Panowie z Metropolis Software wprowadzili do Gorky Zero: Fabryka Niewolników bardzo ciekawy element. Mowa tutaj o łamaniu haseł komputerowych w celu pobrania przydatnych informacji znajdujących się na twardych dyskach. Istnieją dwa sposoby łamania haseł. Pierwszy z nich, klasyczny, polega tylko na wprowadzeniu żądanej kombinacji, którą wcześniej trzeba zdobyć albo w jakiś sposób złamać. Drugim sposobem docierania do plików na komputerach, jest tryb dźwiękowy. Przy łamaniu haseł tym sposobem potrzebny jest bardzo dobry słuch. Aby złamać takie hasło, wcześnie musimy wysłuchać odpowiednich sześciu tonów dźwiękowych, które następnie przy użyciu klawiatury numerycznej trzeba w odpowiedniej kolejności i tonacji wystukać w komputerze, do którego pragniemy się włamać. Sprawia to nie lada problem i zakłopotanie. A co jeśli w grę zechce zagrać osoba niesłysząca? O tym twórcy pewnie już nie pomyśleli.

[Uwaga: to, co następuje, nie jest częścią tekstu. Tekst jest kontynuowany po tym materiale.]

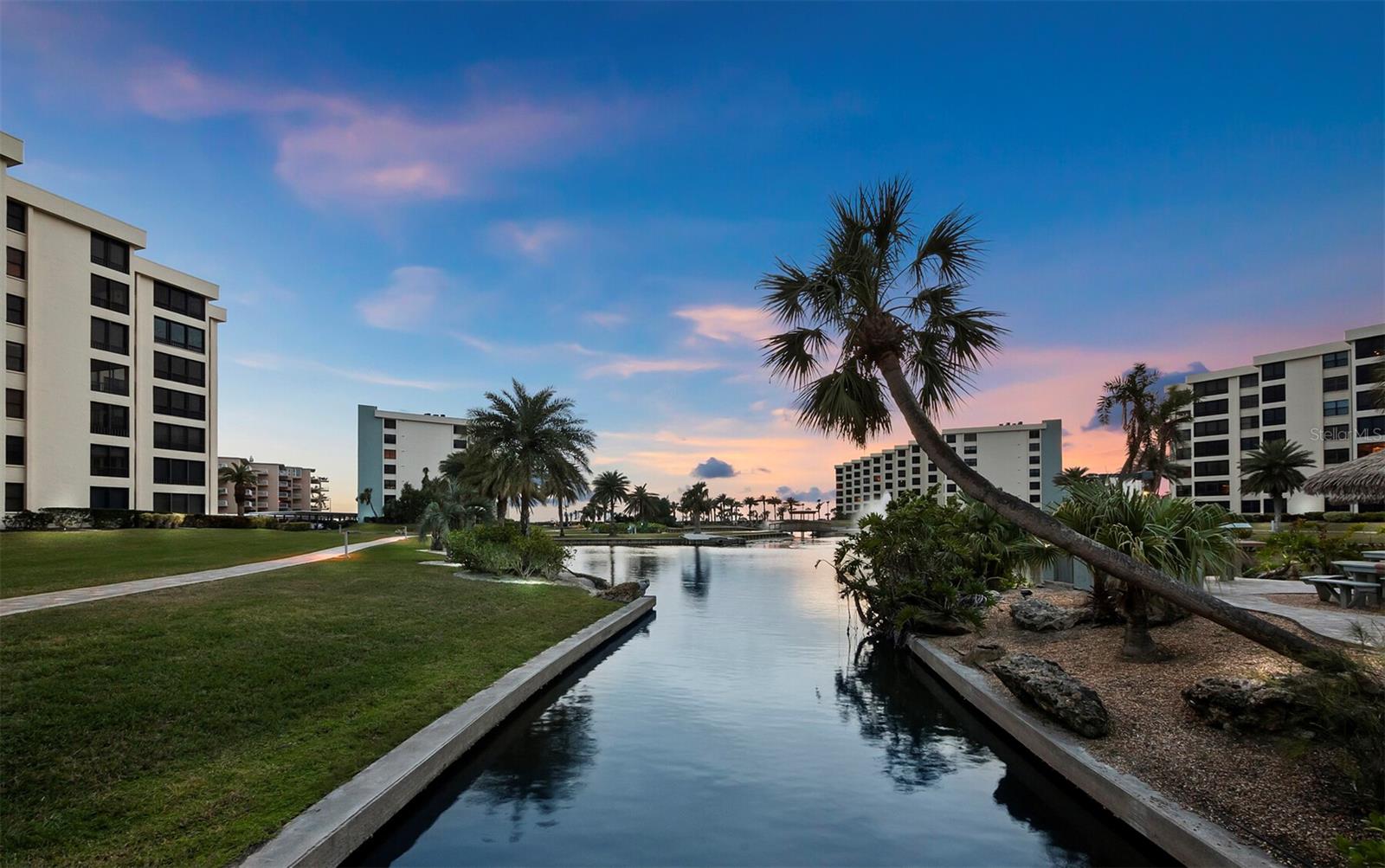 5780 MIDNIGHT PASS RD #609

Gorky Zero: Fabryka Niewolników Gra do swojego działania wykorzystuje autorski silnik graficzny, który został również wykorzystany wcześniej przy produkcji takiej gry jak Archangel. Jednak na potrzeby omawianego tytułu został on znacznie podrasowany i wzbogacony o nowe elementy, dzięki czemu grafika w grze stoi na dość wysokim poziomie.